Aujourd'hui, des chercheurs de l'Institut de botanique cellulaire et moléculaire, en collaboration avec l'équipe dirigée par le professeur Oliver J. Gruss de l'Institut de génétique de l'Université de Bonn, sont allés plus loin : Ils ont transféré le mécanisme d'édition de l'ARN de la mousse dans des lignées cellulaires humaines standard, y compris des cellules rénales et cancéreuses, par exemple. "Nos résultats ont montré que le mécanisme de correction des plantes terrestres fonctionne également dans les cellules humaines", rapporte la première auteure, Elena Lesch. "Cela était inconnu auparavant".

Mais ce n'est pas tout : les machines d'édition de l'ARN PPR56 et PPR65, qui n'agissent que dans les mitochondries de la mousse, introduisent également des changements de nucléotides dans les transcriptions d'ARN du noyau cellulaire dans les cellules humaines.

Plus de 900 cibles

De manière surprenante pour l'équipe de recherche, PPR56 apporte des modifications à plus de 900 points d'attaque dans les cibles des cellules humaines.

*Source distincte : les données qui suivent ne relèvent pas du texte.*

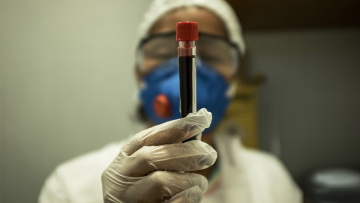 Κι όμως η φερριτίνη μας μπορεί να δείξει αν θα νοσήσουμε σοβαρά από κορωνοϊό!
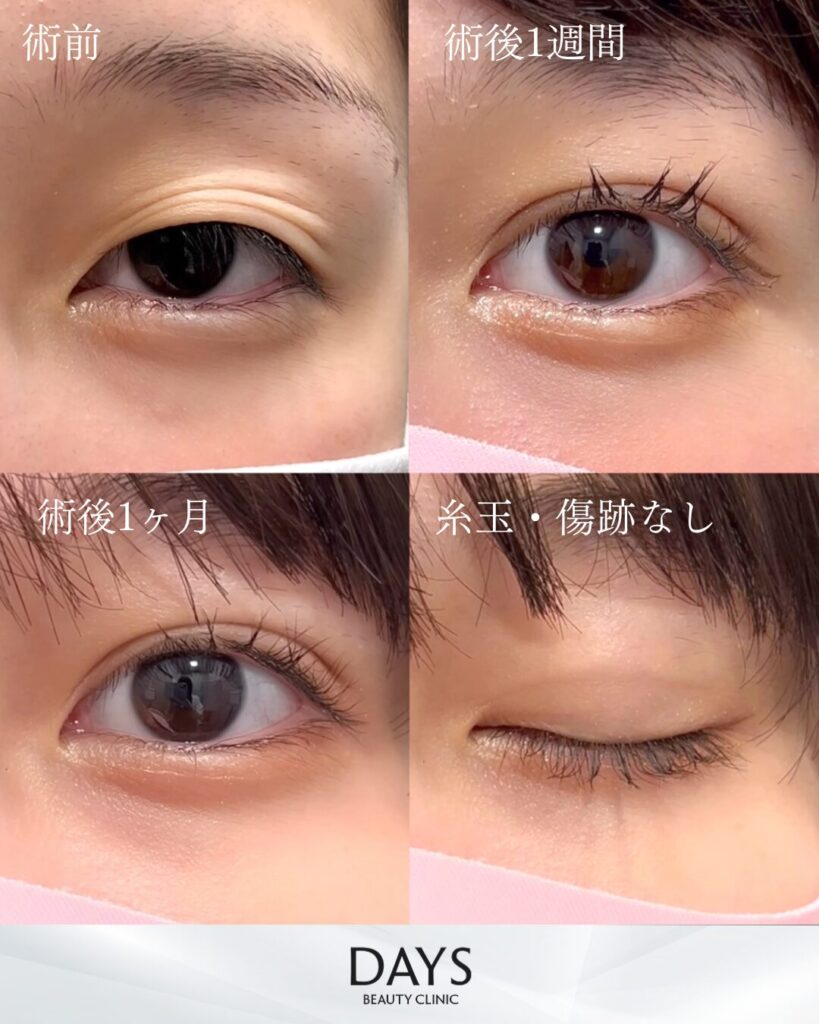 二重埋没　症例　20代女性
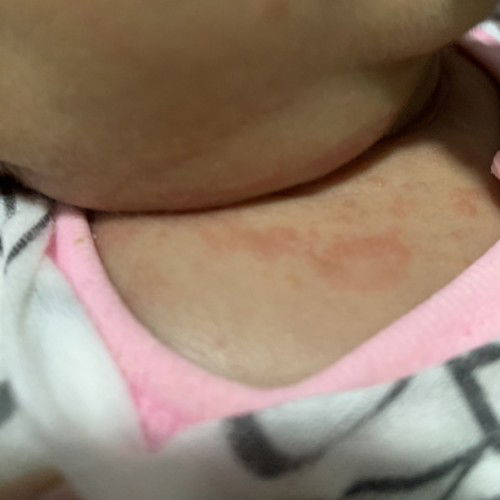 Suggest cream apa best untuk ruam di leher bayi?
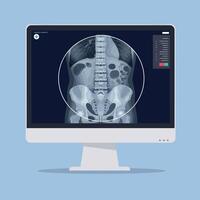 Detailed medical illustration of a spine and pelvis on a flat design computer screen art vector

Chez la mousse, en revanche, ce correcteur d'ARN n'est responsable que de deux sites de correction." Il y a beaucoup plus de transcriptions d'ARN nucléaires dans les cellules humaines que de transcriptions mitochondriales dans la mousse", explique le Dr Mareike Schallenberg-Rüdinger. "Par conséquent, il y a aussi beaucoup plus de cibles à attaquer pour les éditeurs". Bien que les éditeurs suivent un code particulier, à ce stade, il n'est pas encore possible de prédire avec précision où les machines d'édition apporteront des changements dans les cellules humaines.

Toutefois, l'abondance des cibles d'édition de l'ARN dans les cellules humaines offre également la possibilité d'en savoir plus sur les mécanismes de base des correcteurs dans le cadre d'études ultérieures. Cela pourrait servir de base à des méthodes permettant d'induire une modification très spécifique de l'ARN dans les cellules humaines au moyen d'un correcteur. "Si nous pouvions corriger les sites défectueux du code génétique avec des méthodes d'édition de l'ARN, cela offrirait potentiellement aussi des points de départ pour le traitement des maladies héréditaires", déclare Schallenberg-Rüdinger, en se tournant vers l'avenir. "Reste à savoir si cela fonctionnera".

Note: Cet article a été traduit à l'aide d'un système informatique sans intervention humaine. LUMITOS propose ces traductions automatiques pour présenter un plus large éventail d'actualités. Comme cet article a été traduit avec traduction automatique, il est possible qu'il contienne des erreurs de vocabulaire, de syntaxe ou de grammaire. L'article original dans Anglais peut être trouvé ici.